Less than a year ago, if you’d wanted to buy a plug-in car from Volkswagen, you’d have drawn a complete blank. Yet last week, the German automaker unveiled its fifth plug-in car to enter production at the 2014 Paris Motor Show, demonstrating VW’s determination to catch up with and overtake companies like Nissan, General Motors, Toyota and Tesla in the plug-in car sales race.
At the time of writing, two of the five plug-in cars offered by Volkswagen are fully-electric models: the diminutive e-Up! (Europe only); and the conventionally-styled e-Golf. The other three cars — the oh-so-expensive, limited production XL1 plug-in hybrid, Golf GTE and just-announced Passat GTE — are plug-in hybrids.
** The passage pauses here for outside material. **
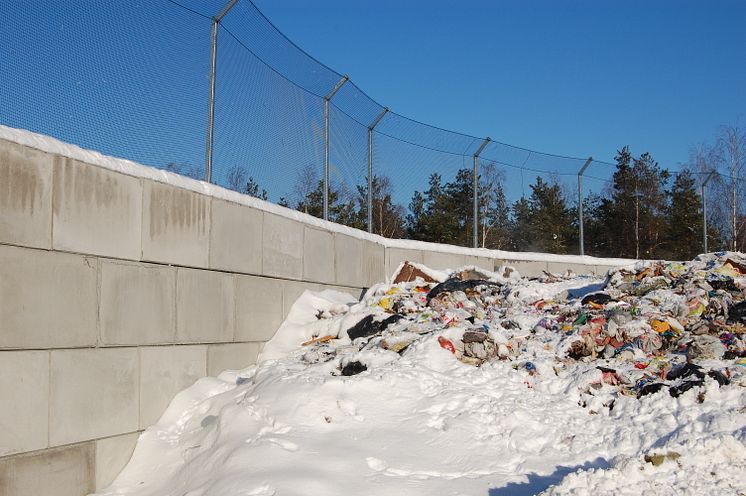 Stödmurar och planlager med kundanpassade nätlösningar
This might make you assume that, like some other automakers, Volkswagen’s attention is focused on plug-in hybrids rather than pure electrics,only producing electric cars to keep industry regulators and environmentalists happy. But that’s not so says VW’s head of powertrain development, Dr. Heinz-Jakob Neusser. Instead, he asserts, plug-in hybrid drivetrain technology is purely a stop-gap solution on the road to long-distance, purely electric cars for all.
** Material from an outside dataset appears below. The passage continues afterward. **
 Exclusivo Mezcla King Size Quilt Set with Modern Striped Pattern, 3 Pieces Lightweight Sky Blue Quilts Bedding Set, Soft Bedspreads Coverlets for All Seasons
Talking with Motoring.au, the Volkswagen executive calls plug-in hybrids “completely a bridging technology” between future electric vehicles and current gasoline engine technology.
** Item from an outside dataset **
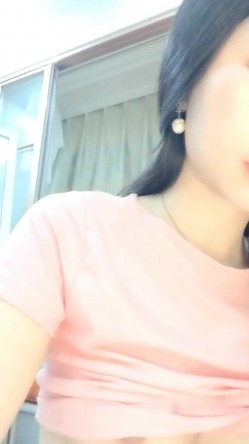 高颜值美女丑曦第三部抖臀诱惑收费秀 苗条身材翘着屁股来大姨妈自摸逼逼 截图8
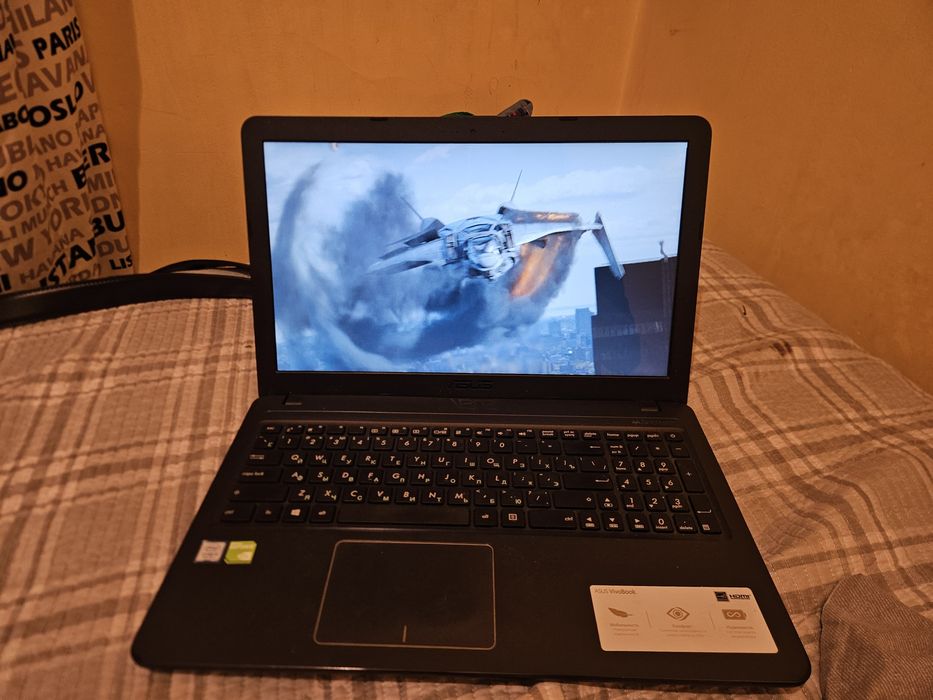 Ноутбук  от Asus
“At one end there is plug-in hybrid technology and at the other is fuel cells, because both enlarge your operating range of the car when you have no recharging system available,” he said. “When you have a recharging system it’s the easiest way to plug in the car, to recharge the battery and to drive electric.”
That stop-gap — which includes cars like the VW Golf GTE and VW Passat GTE — enables drivers to benefit from the economic and environmental benefits of driving electric some of the time, without subjecting them to some of the problems which come from having a limited-range battery pack. With battery pack technology developing at an astounding rate however, Dr. Neusser says plug-in hybrid technology could be obsolete by the end of the decade.
“We have more energy density in the batteries [than ever before], and in 2015-16 will come the next step which means we come from 25-28 ampere hours density to 36-37 Ah,” he explained. “Now we are actually working on the next step to around 60 Ah…with research will come a completely new electrochemical chemistry inside the batteries and this will come at the beginning of the next decade.”
This increase in energy density — something Volkswagen has talked about before — would mean that Volksagen’s next-generation cars could easily travel the same kind of distances as Tesla’s high-end Model S sedan.
“I expect the next generation [Volkswagen e-Golf] in 2015-2017 will increase to around 300km and the following step will be around 500-600 km,” Dr. Neusser predicted. For those unfamiliar with the metric system, 300 km is around 186 miles, while 500-600km is 310-372 miles.
Like his colleague, Volkswagen Group Japan President Shigeru Shoj, Dr. Neusser is openly pessimistic about the future for hydrogen fuel cell cars due to the high level of costs associated with producing and refuelling hydrogen fuel cell vehicles. Yet he’s also willing to admit that with larger battery packs, the ease of charging an electric car is lessened.
“You can’t recharge at 3.6 kilowatts,” he said of vehicles with larger capacity battery packs. “You need minimum 50, 80 or perhaps even 90 kilowatts recharging power, and these are water-cooled recharging systems, very high performance recharging systems. But people are working on this, and I expect it will come, but it takes a little bit of time until it’s there.”
Which explains in a very nice way, why Volkswagen is currently producing both plug-in hybrid and all-electric models. Despite working on plug-in cars since the late 1970s — this author used to own a factory-built 1985 Volkswagen CityStromer MkII Golf test vehicle — Volkswagen says it needs just a little longer before electric cars are ready for everyone.
Interestingly however, Volkswagen isn’t blaming battery technology: Dr. Neusser thinks Volkswagen has that one sewn up. Instead, the delay is down to a lack of appropriate charging infrastructure, he implies.
“We are free continue with PHEV technology to bridge [the gap until] each country has time enough to bring their infrastructure this way,” he said.
Is Volkswagen right? Will Plug-in hybrids be considered old technology by the end of the decade? And how much do you think Volkswagen’s 375+ mile EV will cost?